From mboxrd@z Thu Jan  1 00:00:00 1970
From: Liran Alon <LIRAN.ALON@ORACLE.COM>
Subject: Re: [PATCH] KVM: nVMX: Fix races when sending nested PI while dest
 enters/leaves L2
Date: Thu, 16 Nov 2017 20:36:11 +0200
Message-ID: <5A0DDA9B.9040808@ORACLE.COM>
References: <1510252040-5609-1-git-send-email-liran.alon@oracle.com> <a9bf526f-032d-0515-0d69-e56425943251@redhat.com> <20171110180616.GE15561@flask> <0b202d55-6c87-e9b9-49aa-74aa7e83ff6b@redhat.com> <5A062A2C.9040102@ORACLE.COM> <20171116173714.GC20438@flask>
Mime-Version: 1.0
Content-Type: text/plain; charset=UTF-8; format=flowed
Content-Transfer-Encoding: 8bit
Cc: Paolo Bonzini <pbonzini@redhat.com>, kvm@vger.kernel.org,
        jmattson@google.com, wanpeng.li@hotmail.com, idan.brown@ORACLE.COM,
        Krish Sadhukhan <krish.sadhukhan@ORACLE.COM>
To: =?UTF-8?B?UmFkaW0gS3LEjW3DocWZ?= <rkrcmar@redhat.com>
Return-path: <kvm-owner@vger.kernel.org>
Received: from userp1040.oracle.com ([156.151.31.81]:39300 "EHLO
        userp1040.oracle.com" rhost-flags-OK-OK-OK-OK) by vger.kernel.org
        with ESMTP id S1751741AbdKPSgS (ORCPT <rfc822;kvm@vger.kernel.org>);
        Thu, 16 Nov 2017 13:36:18 -0500
In-Reply-To: <20171116173714.GC20438@flask>
Sender: kvm-owner@vger.kernel.org
List-ID: <kvm.vger.kernel.org>


On 16/11/17 19:37, Radim Krčmář wrote:
> 2017-11-11 00:37+0200, Liran Alon:
>> On 10/11/17 23:37, Paolo Bonzini wrote:
>>> On 10/11/2017 19:06, Radim Krčmář wrote:
>>>>> 	/* the PIR and ON have been set by L1. */
>>>>> 	if (!kvm_vcpu_trigger_posted_interrupt(vcpu, true)) {
>>>> This would still fail on the exiting case.
>>>>
>>>> If one VCPU was just after a VM exit, then the sender would see it
>>>> IN_GUEST_MODE, send the posted notification and return true, but the
>>>> notification would do nothing
>>>
>>> It would cause *something*---a vmexit because the vector doesn't match
>>> the L1 posted interrupt.  Then smp_kvm_posted_intr_nested_ipi would be
>>> invoked from vmx_handle_external_intr.
>>>
>>> Could we detect the vector in vmx_handle_external_intr and set
>>> pi_pending+KVM_REQ_EVENT?  Or invoke a function in KVM from
>>> smp_kvm_posted_intr_nested_ipi?  Or would both be insane?...
>>>
>>
>> I have actually thought about it before writing this patch.
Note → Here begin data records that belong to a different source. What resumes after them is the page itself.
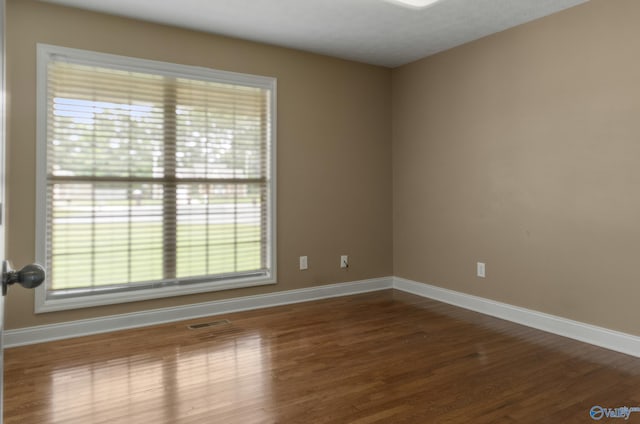 16121 Kyle Moran Dr, Athens, AL 35614 - empty room featuring baseboards, wood finished floors, and healthy amount of natural light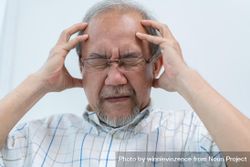 Older male with his hands holding his head in pain bGkV2b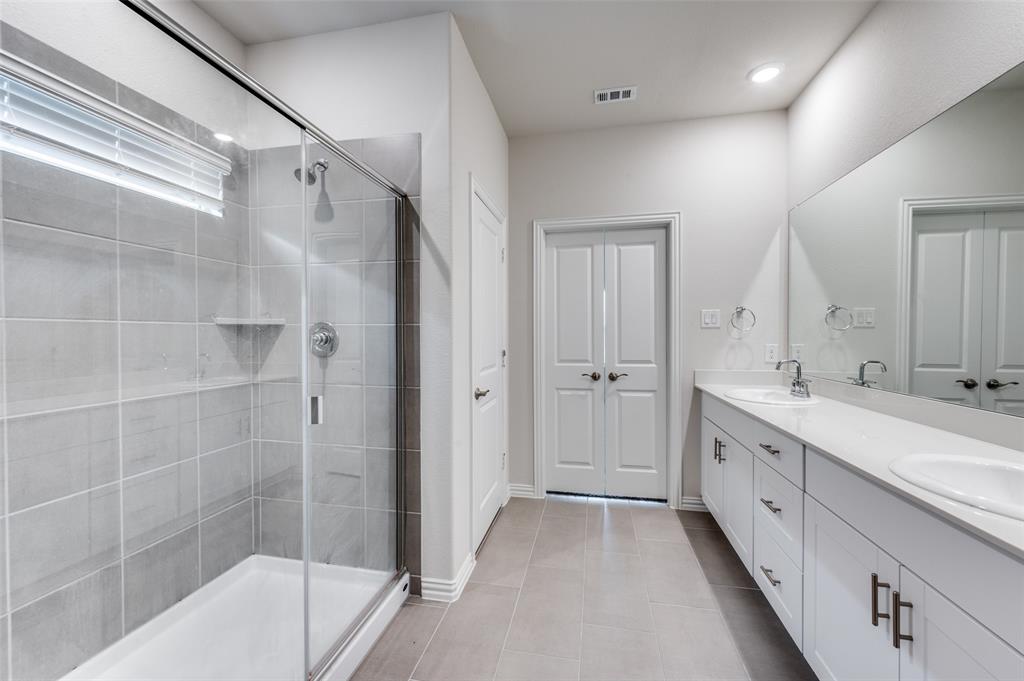 3308 Kingsdown Drive Denton, TX 76207 - Photo 16 of 25 a spacious bathroom with a double vanity sink a mirror and a bathtub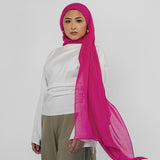 Person wearing a white top and beige pants with a pink hijab on a white background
But have found
>> an issue with this approach (which doesn't exist in this v1 patch and in
>> Radim's suggestion for v2):
>>
>> Consider the case sender sees vcpu->mode==IN_GUEST_MODE and before it sends
>> the physical IPI, dest CPU exits from guest and continues in L0 all the way
>> until vcpu_enter_guest() and pass the part it checks for KVM_REQ_EVENT but
>> before it disables interrupts. Then sender sends the physical IPI which is
>> received in host-context and therefore runs smp_kvm_posted_intr_nested_ipi()
>> which sets KVM_REQ_EVENT & pi_pending=true. But without Radim's suggestion
>> of checking pi_pending after interrupts disabled, this is too late as dest
>> CPU will not check these again until next exit from L2 guest.
>>
>> I hope I didn't misunderstand something here :)
>
> kvm_request_pending() would notice KVM_REQ_EVENT and forces the VM entry
> to restart, so that wouldn't be a problem.
>
> I just realized another complication, though: when the sender looks at
> IN_GUEST_MODE and before it sends IPI, the destination can reschedule to
> a different VCPU => the IPI handler cannot use the 'current VCPU' and we
> have to build a list of VCPUs potentially awaiting notification vector
> for every PCPU, which makes it strictly worse than just looking directly
> at the ON bit, IMO.
>

It's funny because I have actually tried to first implement Paolo's 
suggestion and noticed this exact issue when implementing the IPI 
handler at host-side.

Therefore, I decided to go with Radim's suggestion. This also makes 
nested posted-interrupt handling more symmetrical to non-nested 
posted-interrupt handling.

I will soon post here the v2 series after I will complete more internal 
review & tests on this series.

BTW, I was wondering why do we really need the vmx->nested.pi_pending.
Can't we just rely on vmx->nested.pi_desc ON bit that will be checked at 
start of vmx_complete_nested_posted_interrupt()?

Thanks.
-Liran